Sunday, 18 October 2020
At least 1,111,152 people have died worldwide from Covid-19 since the World Health Organisation (WHO) office in China reported the first cases of the virus in late December 2019, according to a tally by AFP, based on official sources, on Sunday.
Over 39,742,730 infections have been diagnosed since the start of the pandemic, while at least 27,341,000 persons are viewed as having recovered.
However, the number of people testing positive is just a fraction of real infections since some countries test only severe cases, others use testing mainly for tracing, and many poor countries have only limited testing capacity.
On Saturday, 5,302 new deaths and 372,882 new cases were registered worldwide.
The United States has the highest number of casualties, with 219,289 deaths for 8,106,752 infections, according to figures from Johns Hopkins University. At least 3,220,537 persons in the USA are said to have recovered.
After the United States, the worst affected countries are Brazil, with 153,675 deaths and 5,224,362 cases, India (114,031 deaths, 7,494,551 cases), Mexico (86,059 deaths, 847,108 cases), and the United Kingdom (43,579 deaths, 705,428 cases).

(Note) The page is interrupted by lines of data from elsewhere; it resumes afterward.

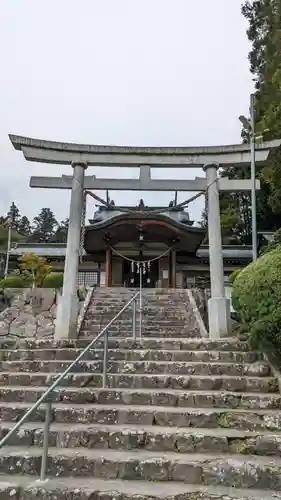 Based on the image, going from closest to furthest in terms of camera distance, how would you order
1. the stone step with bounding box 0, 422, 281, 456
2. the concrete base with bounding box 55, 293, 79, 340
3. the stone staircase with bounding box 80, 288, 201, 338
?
1. the stone step with bounding box 0, 422, 281, 456
2. the concrete base with bounding box 55, 293, 79, 340
3. the stone staircase with bounding box 80, 288, 201, 338

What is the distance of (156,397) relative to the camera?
168 inches

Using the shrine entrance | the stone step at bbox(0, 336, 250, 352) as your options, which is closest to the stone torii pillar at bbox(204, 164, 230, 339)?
the stone step at bbox(0, 336, 250, 352)

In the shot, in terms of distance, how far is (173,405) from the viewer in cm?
420

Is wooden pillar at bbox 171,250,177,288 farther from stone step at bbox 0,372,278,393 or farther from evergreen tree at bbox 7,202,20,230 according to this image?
evergreen tree at bbox 7,202,20,230

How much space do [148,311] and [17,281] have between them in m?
5.72

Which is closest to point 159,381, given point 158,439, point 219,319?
point 158,439

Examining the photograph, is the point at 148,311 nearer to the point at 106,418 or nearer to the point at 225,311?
the point at 225,311

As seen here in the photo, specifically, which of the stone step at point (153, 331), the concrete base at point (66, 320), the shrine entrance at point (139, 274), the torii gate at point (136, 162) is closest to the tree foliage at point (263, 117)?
the torii gate at point (136, 162)

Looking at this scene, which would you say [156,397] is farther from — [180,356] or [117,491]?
[117,491]

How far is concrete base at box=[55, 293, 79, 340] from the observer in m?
7.18

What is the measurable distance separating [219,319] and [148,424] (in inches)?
138

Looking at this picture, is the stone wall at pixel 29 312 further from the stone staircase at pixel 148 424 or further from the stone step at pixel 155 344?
the stone staircase at pixel 148 424

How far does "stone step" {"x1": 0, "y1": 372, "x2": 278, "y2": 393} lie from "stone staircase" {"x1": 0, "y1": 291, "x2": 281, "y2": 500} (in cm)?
1

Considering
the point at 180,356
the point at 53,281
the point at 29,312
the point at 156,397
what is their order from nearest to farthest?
the point at 156,397 → the point at 180,356 → the point at 29,312 → the point at 53,281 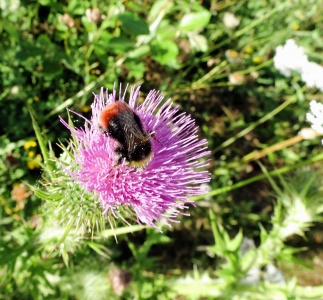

Among the worst affected countries, Peru has the highest per capita fatality rate, with 102 deaths for every 100,000 inhabitants, followed by Belgium (90), Bolivia (73) and Brazil (72).
China had a cumulative total of 85,672 cases, including 13 new ones between Saturday and Sunday, with 4,634 deaths and 80,786 recoveries.
Latin America and the Caribbean is the most affected region, with 379,605 deaths, 10,463,815 cases, followed by Europe (249,826 deaths, 7,331,743 cases) and the United States and Canada (229,035 deaths, 8,303,073 cases).
They are followed by Asia (159,279 deaths, 9,673,315 cases), the Middle East (52,851 deaths, 2,299,676 cases), Africa (39,552 deaths, 1,637,885 cases) and Oceania (1,004 deaths, 33,223 cases).
The tally was based on data collected by AFP offices from relevant national authorities and information from the World Health Organisation (WHO). Due to adjustments made by national authorities and late publication of data, the figures given for increases over a 24-hour period do not correspond exactly to those published the day before.